## WHAT TO PRODUCE
Retype, without pictures, the line holding "Krishan Shri - Folksongs" and each line below it through the final line.

━━ DATASET ━━

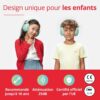 Audilo Casque Anti Bruit Enfant 4
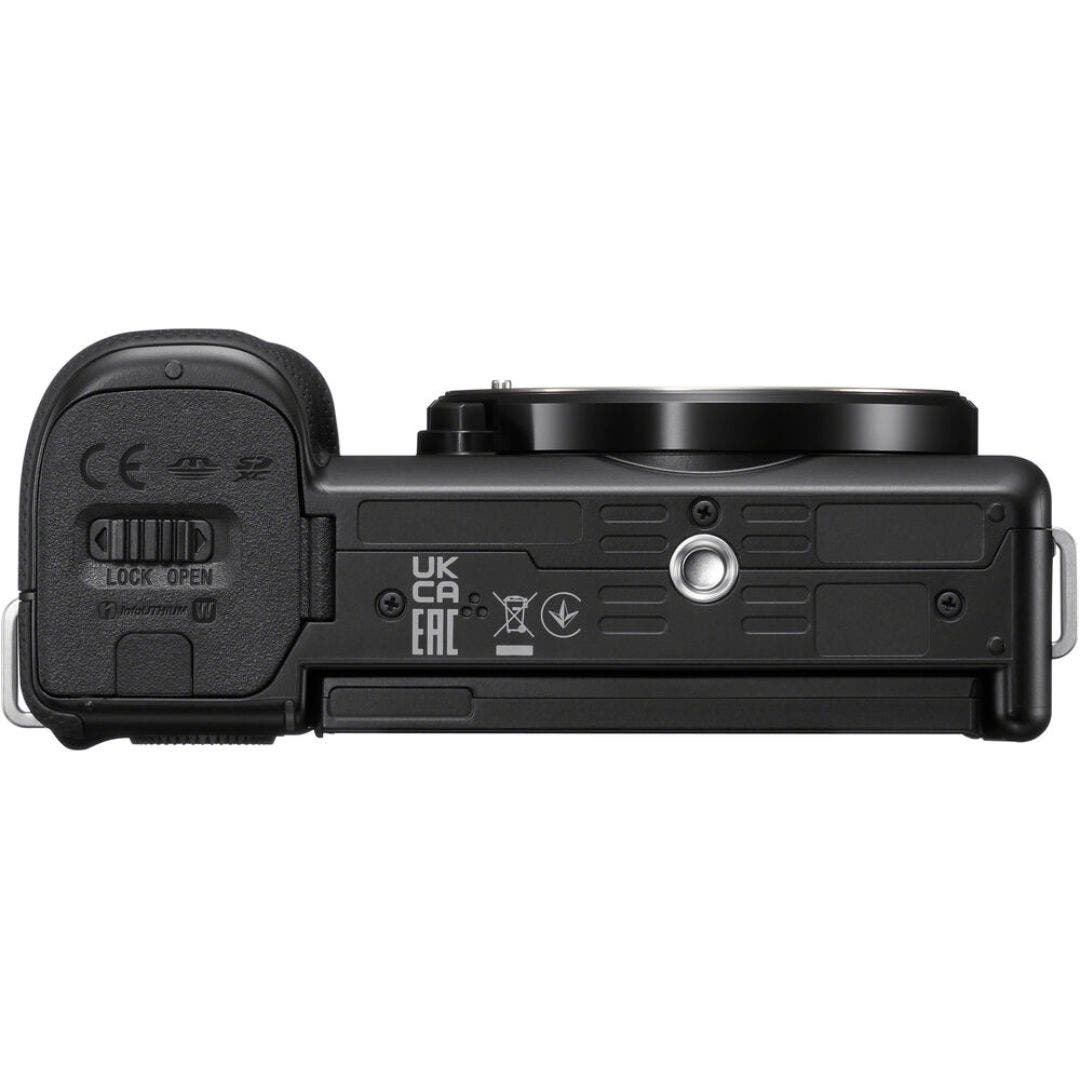 Sony ZV-E10 Black with 16-50mm f/3.5-5.6 OSS II Lens Compact System Camera - additional product view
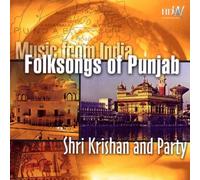Krishan Shri - Folksongs of Punjab Music from [Import]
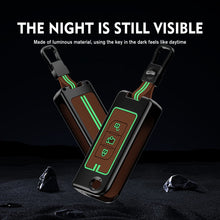 Load image into Gallery viewer, Metal Key Cover Compatible for Mahindra XUV 500 Old 3 Button Flip Key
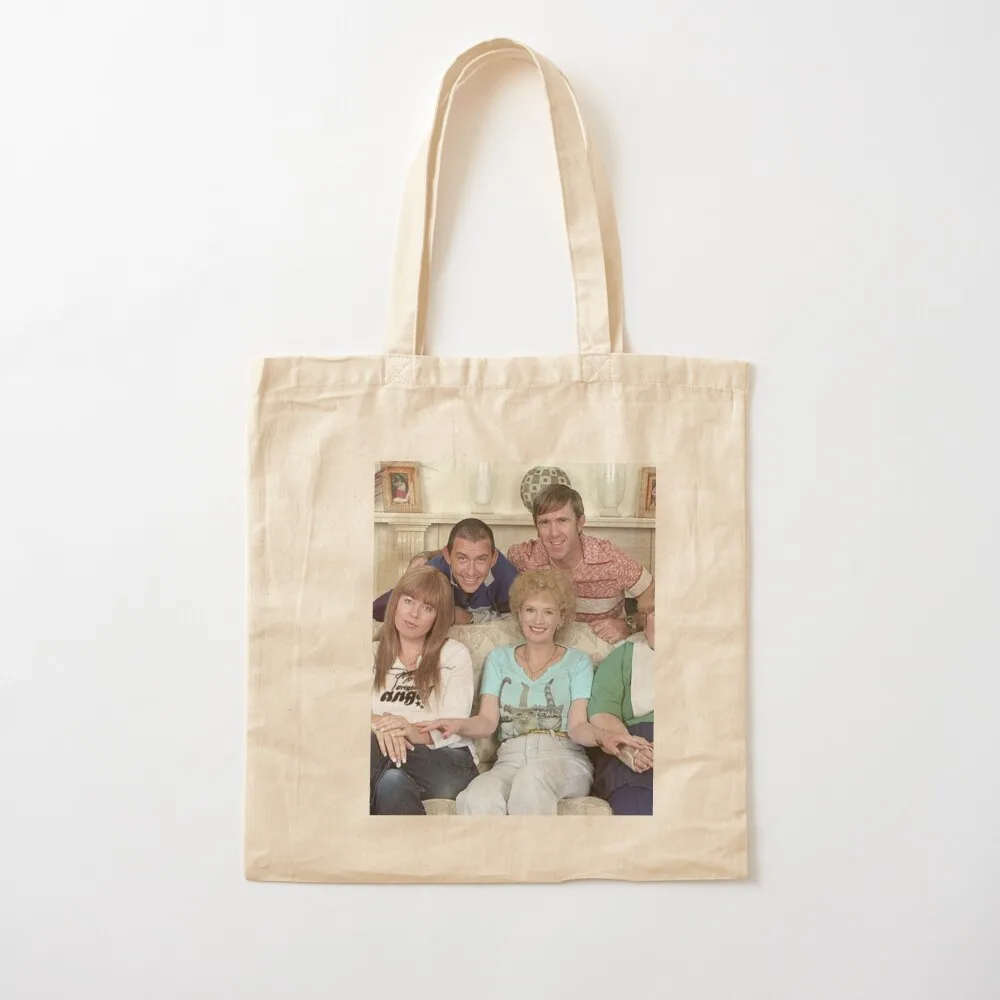 

Kath and Kim Cast Tote Bag Gift bag custom canvas bag Canvas Tote
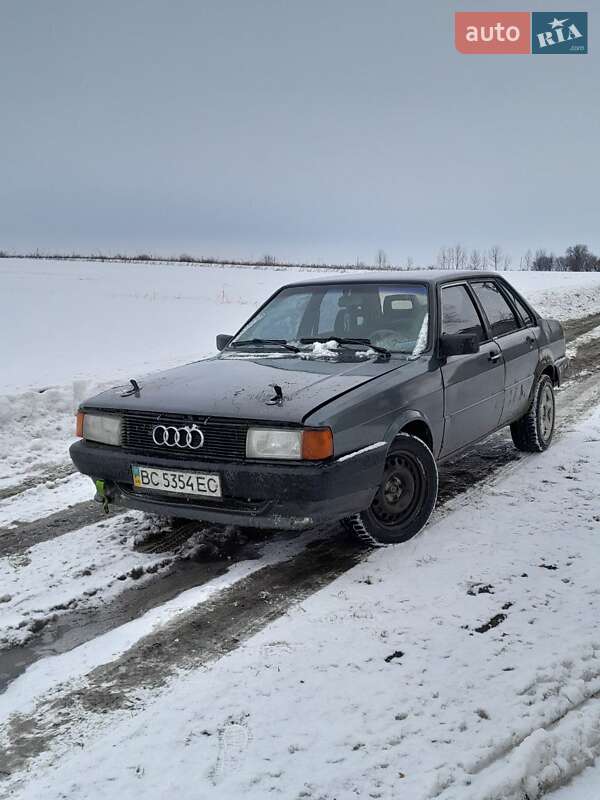 Седан Audi 80 1986 в Скелі-Подільської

━━━

## SOLUTION TO THIS PROBLEM
Krishan Shri - Folksongs of Punjab Music from [Import]
 Load image into Gallery viewer, Metal Key Cover Compatible for Mahindra XUV 500 Old 3 Button Flip Key

Kath and Kim Cast Tote Bag Gift bag custom canvas bag Canvas Tote
 Седан Audi 80 1986 в Скелі-Подільської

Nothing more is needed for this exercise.